Nichts davon war auf einen Fehler ihrerseits zurückzuführen.
Carlos, der spürte, dass der Tod dieses Mannes trotzdem schwer auf ihr lastete, versuchte sie zu trösten: »Selbst, wenn wir vor der Bank geparkt hätten, hätten wir ihm nicht helfen können. Dazu hätte er sich melden müssen.«
Auch Leander Lost entging nicht, dass seine Chefin etwas bedrückte. Im Gegensatz zu Carlos Esteves hatte das aber nichts mit Empathie zu tun, sondern mit der Dechiffrierung mimischer Signale, die Anzeichen für Ärger und Trauer waren. Die Trauer überwog deutlich: Ihre Pupillen waren stark erweitert, was ihm die Intensität ihrer emotionalen Beteiligung signalisierte. Sie sprach mit tiefer und leiser Stimme, den Blick nach unten gesenkt. Die Augenbrauen-Innenseite war nach oben gezogen. Beteiligter Muskel: innerer Anteil des Frontalis, des Stirnmuskels.

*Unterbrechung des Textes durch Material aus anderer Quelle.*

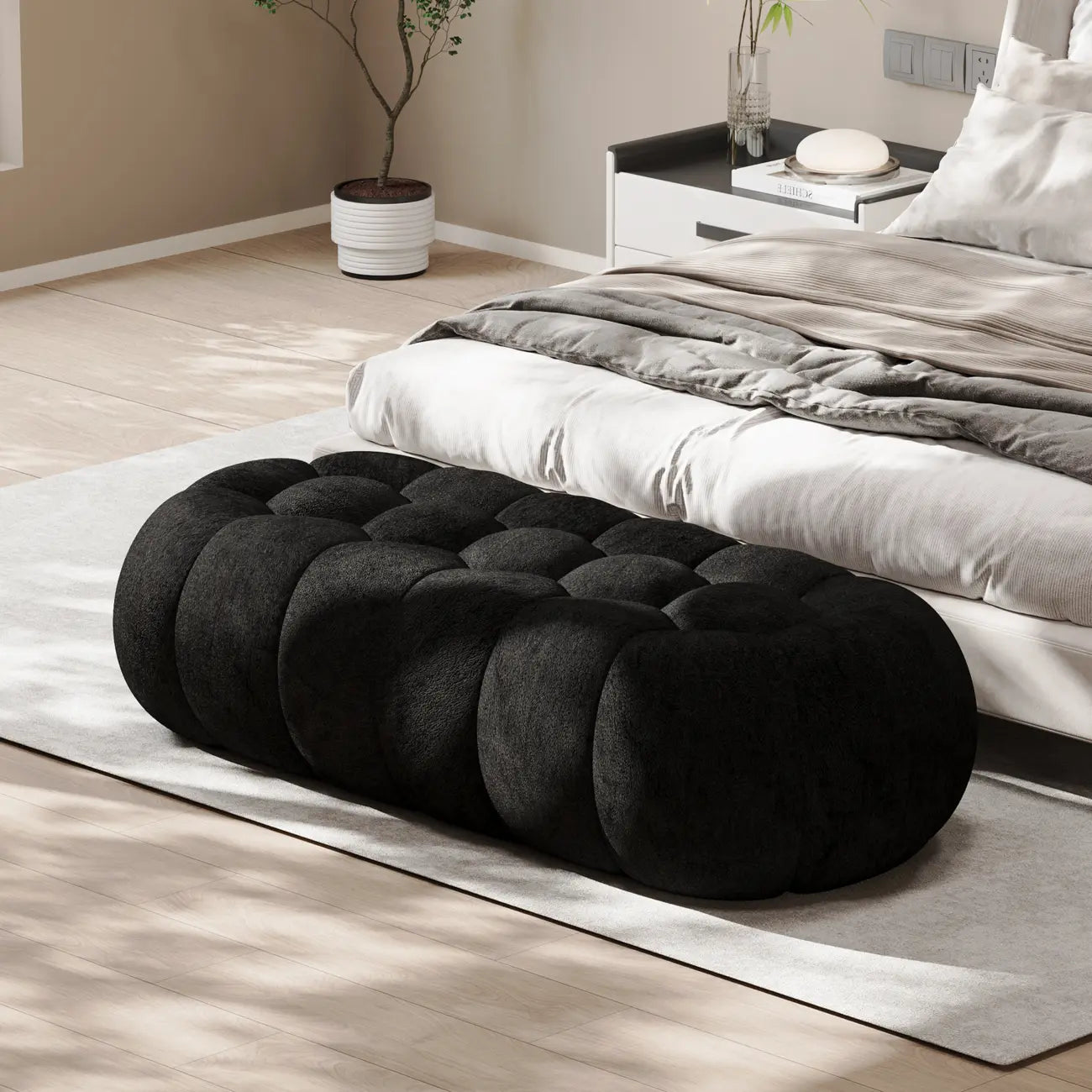 Contemporary Cloud Shaped Upholstered Bedroom Bench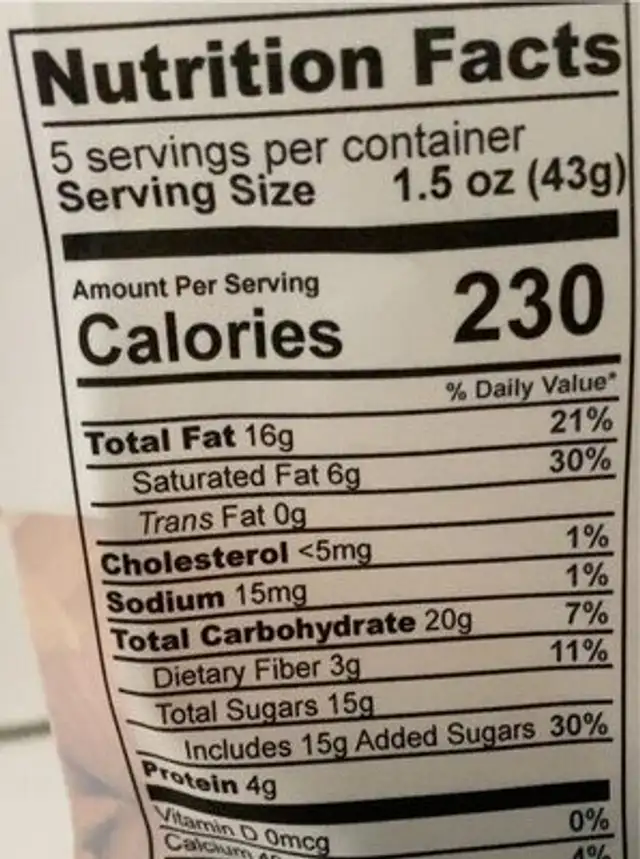 COCOA DUSTED ALMONDS nutrition facts table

Die Lippen zeigten sich angespannt und schmal – Ärger. Beteiligter Muskel: Orbicularis oris, der Ringmuskel des Mundes. Gleichzeitig war hier der Ansatz des Depressor anguli oris ersichtlich, der Mundwinkelniederzieher, der die Vermischung von Ärger mit Trauer für Lost ablesbar machte.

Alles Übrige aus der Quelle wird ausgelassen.